WHAT YOU HAVE TO DO: Below are records with pictures. Reproduce exactly the lines from the line with "Enmeshed in Mesh" to the line with "Pastel Roze Flamingo", inclusive, and leave each picture out.

STUDY MATERIAL:

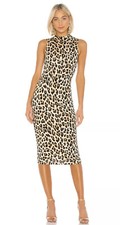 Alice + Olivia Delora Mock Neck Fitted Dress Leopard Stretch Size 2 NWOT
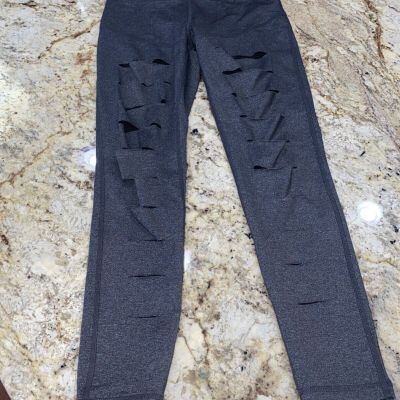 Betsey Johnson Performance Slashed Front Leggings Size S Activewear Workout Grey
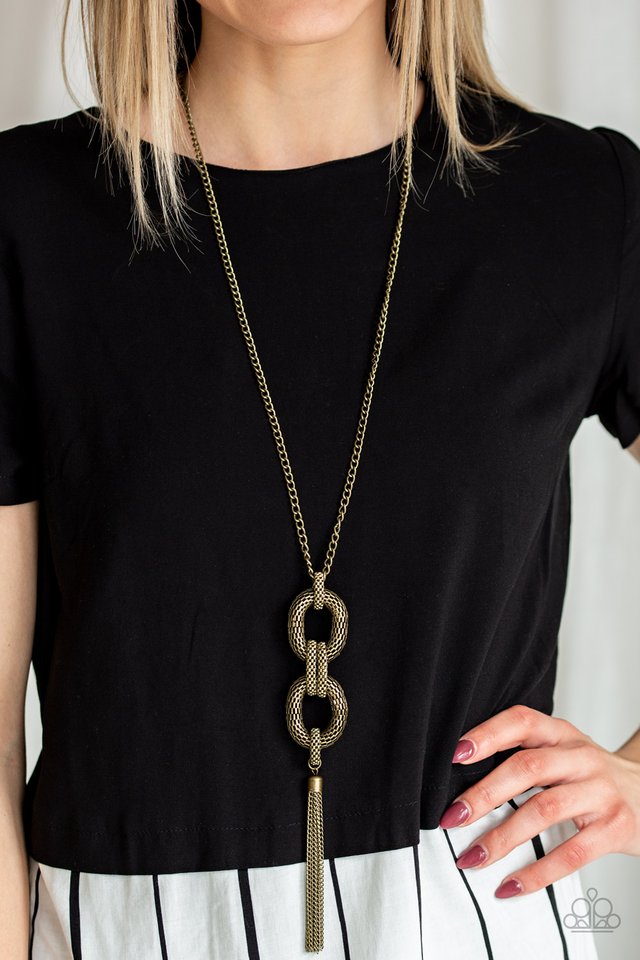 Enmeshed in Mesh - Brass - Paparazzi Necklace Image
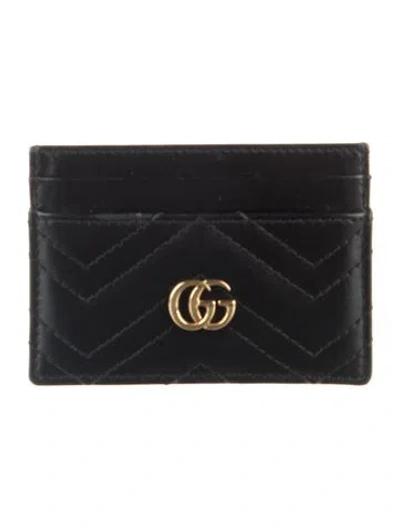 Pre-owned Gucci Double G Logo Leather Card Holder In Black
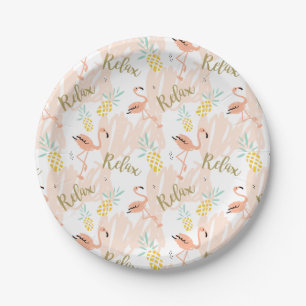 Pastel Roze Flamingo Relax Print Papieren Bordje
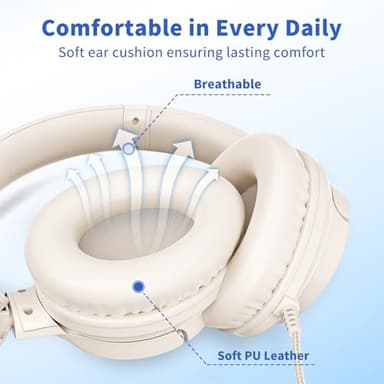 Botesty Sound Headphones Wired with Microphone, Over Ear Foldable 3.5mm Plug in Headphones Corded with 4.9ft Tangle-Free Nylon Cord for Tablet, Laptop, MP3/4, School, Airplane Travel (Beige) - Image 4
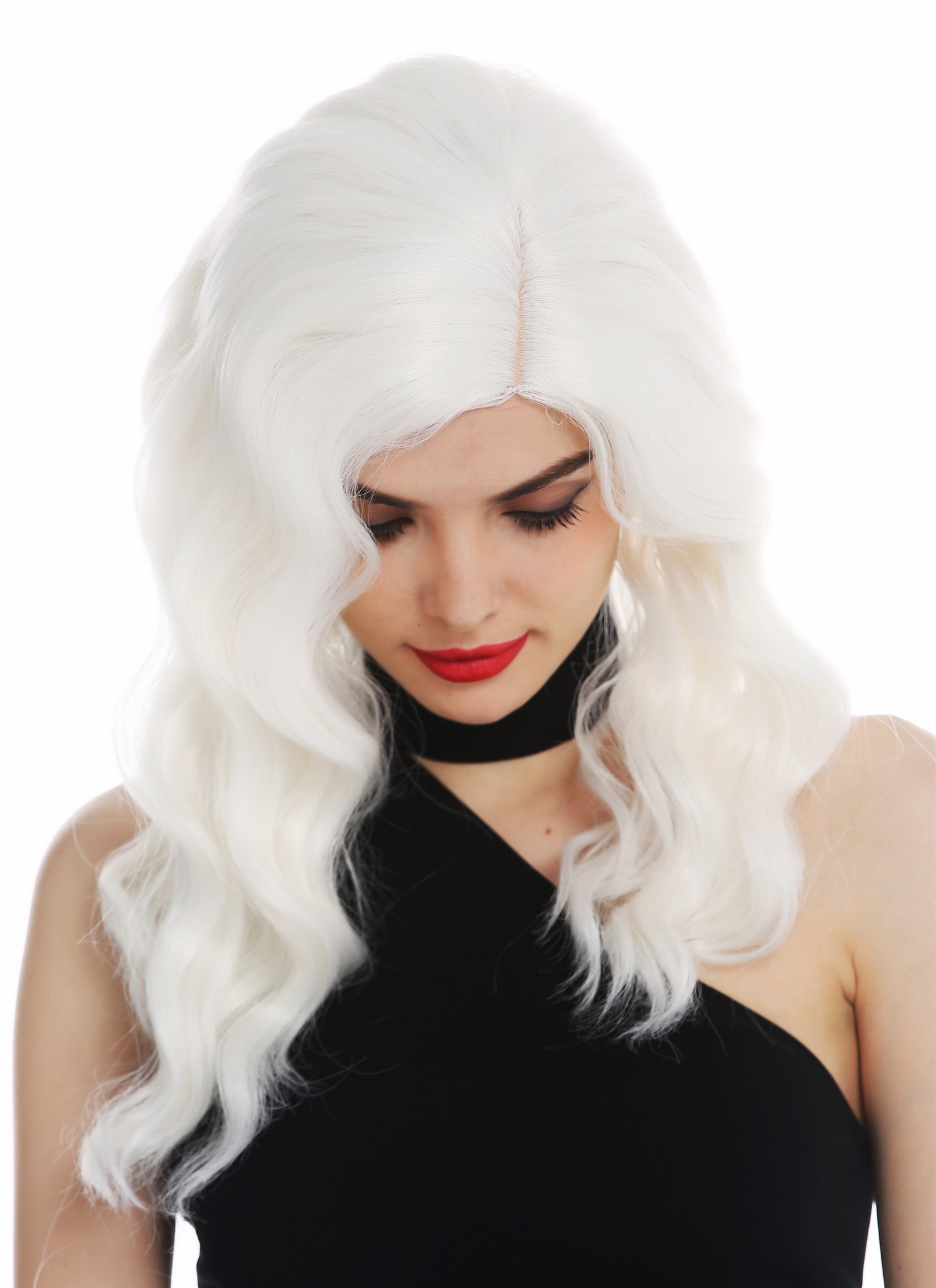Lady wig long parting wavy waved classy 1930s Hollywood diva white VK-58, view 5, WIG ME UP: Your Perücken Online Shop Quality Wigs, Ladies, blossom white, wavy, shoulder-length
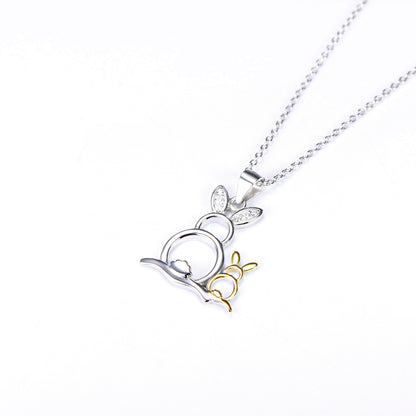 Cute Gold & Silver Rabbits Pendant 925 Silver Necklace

RESULT FOR THIS TASK:
 Enmeshed in Mesh - Brass - Paparazzi Necklace Image
 Pre-owned Gucci Double G Logo Leather Card Holder In Black
 Pastel Roze Flamingo Relax Print Papieren Bordje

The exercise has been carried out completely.